In the rest of this address, I’m going to reflect a little on the origins of the Mothering Sunday tradition, and then focus on the mother themes in today’s OT and Gospel readings – the good compilers of the lectionary have of course carefully chosen ‘mother’ readings for the day that’s in it!

The Mothering Sunday Tradition

The 4th Sunday of Lent was not originally a celebration of motherhood. From at least the C16th in England, it was the day when people returned to make offerings in their “mother church”, the main church or cathedral of the area. Hence it came to be known as ‘Mothering Sunday’.

If children had moved to neighbouring towns and villages, this would be one of the few occasions when whole families could get together. Remember, not much more than 100 years ago, very many children would be sent away from home to work at no more than 10 or 12 years old.

According to historians, this was the origin of the English tradition that children and young people working away from home should be given the day off on Mothering Sunday, to visit their mothers. I’m not sure if this was an Irish tradition too - we may just have borrowed it from the Church of England!

I imagine that as the children walked along the country roads, the boys would stop and pick a bunch of violets or other flowers as a present for their mother. And equally the girls might bring their mother a present of a cake they had made. Hence the old traditions of bunches of flowers, and the delicious Simnel cake.

That was the ancient tradition, at least in England. Like so many other old traditions, it was just about extinct after WW1: killed off by social changes and industrialisation. But it got a new lease of life, under the impact of the American invention of ‘Mother’s Day’, which was designated by US President Woodrow Wilson in 1914 to be held on the 2nd Sunday of May. Mother's Day has now become something of a commercial opportunity, to sell cards and flowers and boxes of chocolates, but I think it’s rather nice that we have managed to retain the ancient traditional Church day for it, on this side of the Atlantic, and I cherish the old name Mothering Sunday.

The Mothering Sunday traditions, and the emotions they evoke, are warm and tender and comforting.
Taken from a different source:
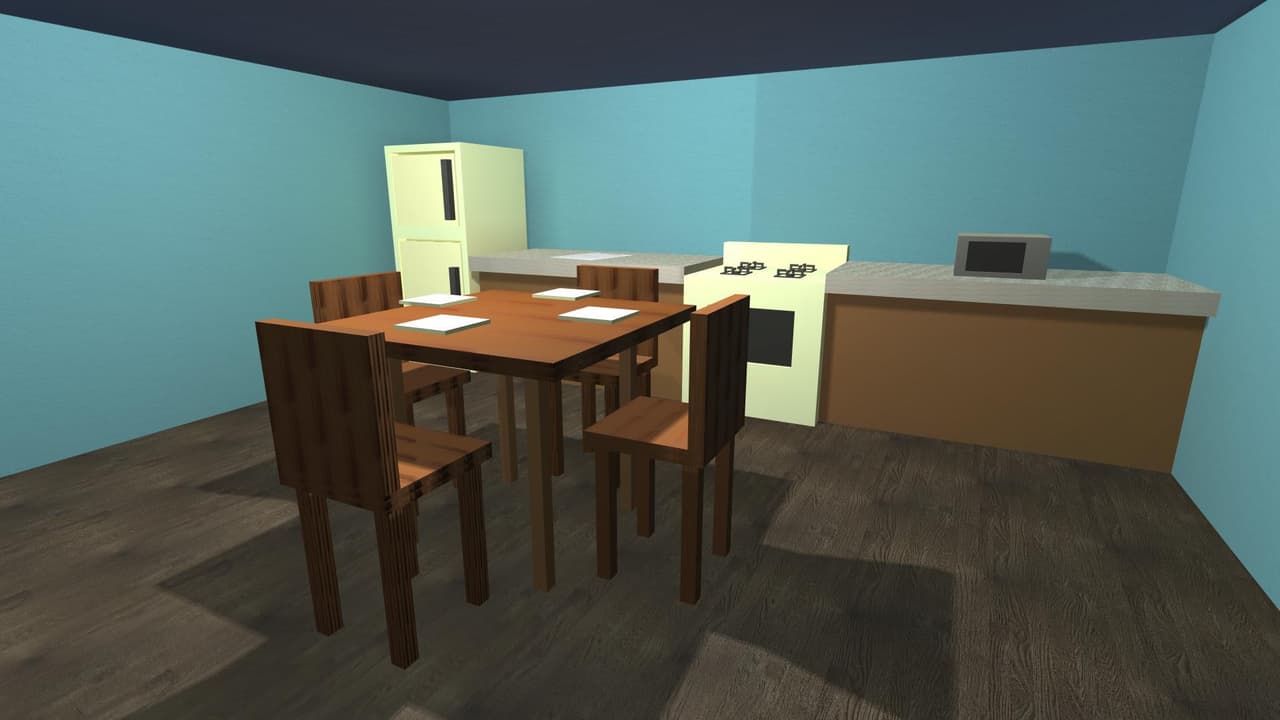 Sitcom Simulator screenshot 2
But in case we are in any danger of getting carried away by sentimentality, today’s readings from Exodus and John’s Gospel provide the antidote. They serve to remind us that being a mother is not just about flowers and cakes and loving hugs. It is also about heartbreak, and separation, and even death. Thank God that giving birth in Ireland today is not so dangerous for a woman as it once was, though a very few still do die in childbirth here. But in the 3rd World it remains frighteningly common for mothers to die in childbirth.

In the OT reading from Exodus, we heard the strange little tale of Moses in the Bulrushes.
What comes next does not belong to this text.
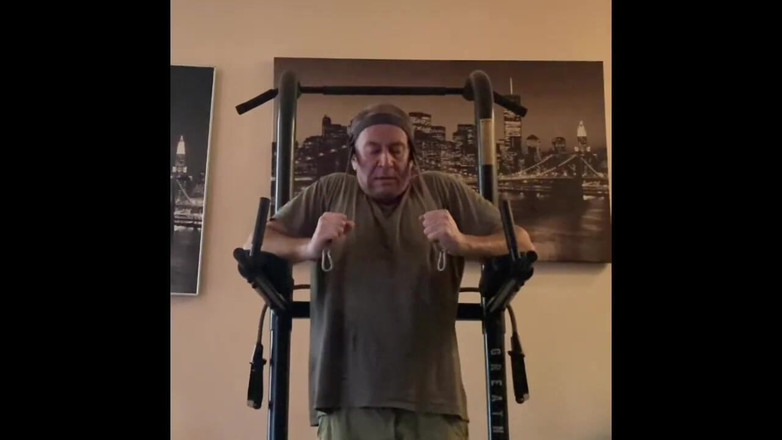 Alex Art: Aleksander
The background to the story is that Pharaoh decreed that Hebrew boys should be drowned at birth in the Nile, because he feared the Hebrew minority becoming too strong in his kingdom. The girls were allowed to live: no doubt they would have been married off to Egyptian men, and their children would be Egyptian. A rather nasty ancient case of ethnic cleansing.

Moses’ mother saved him from this fate by hiding him, until he was too big to hide anymore, and then she made a little boat for him from a basket, and left him to be found in the rushes by the river-bank. He was found by Pharaoh’s daughter, who took pity on him, and decided to adopt him. Moses’ own mother was employed to nurse him, but when he was weaned, she had to give him up to Pharaoh’s daughter.

Two things strike me about this story:


  • 1st, how completely torn the emotions of Moses’ natural mother must have been, to be compelled to give away to another woman the child to whom she had given life, and whom she had saved and nurtured. But she knew that was the only way to show her love for him.

  • But 2nd, the strength of the love of Pharaoh’s daughter for this little Hebrew boy. She no doubt risked the wrath of the state to save his little life, even though he belonged to a hated minority. The love of a foster mother, or of an adoptive mother, is just as valuable in God’s eyes as the love of a natural mother.
In the Gospel reading we heard John’s poignant story about how Jesus, even in agony on the Cross, expressed his love for his mother, and the disciple he loved.

Public execution is an ugly thing, but the prolonged torture of crucifixion must have been particularly gut-wrenching to watch. Yet Mary his mother found the strength to stay close by Jesus in his agony. How torn she must have been, too: repelled by his ghastly death, yet drawn to be near her beloved son in his last hours. We see an image of the eternal love at the heart of motherhood in Mary at the Cross.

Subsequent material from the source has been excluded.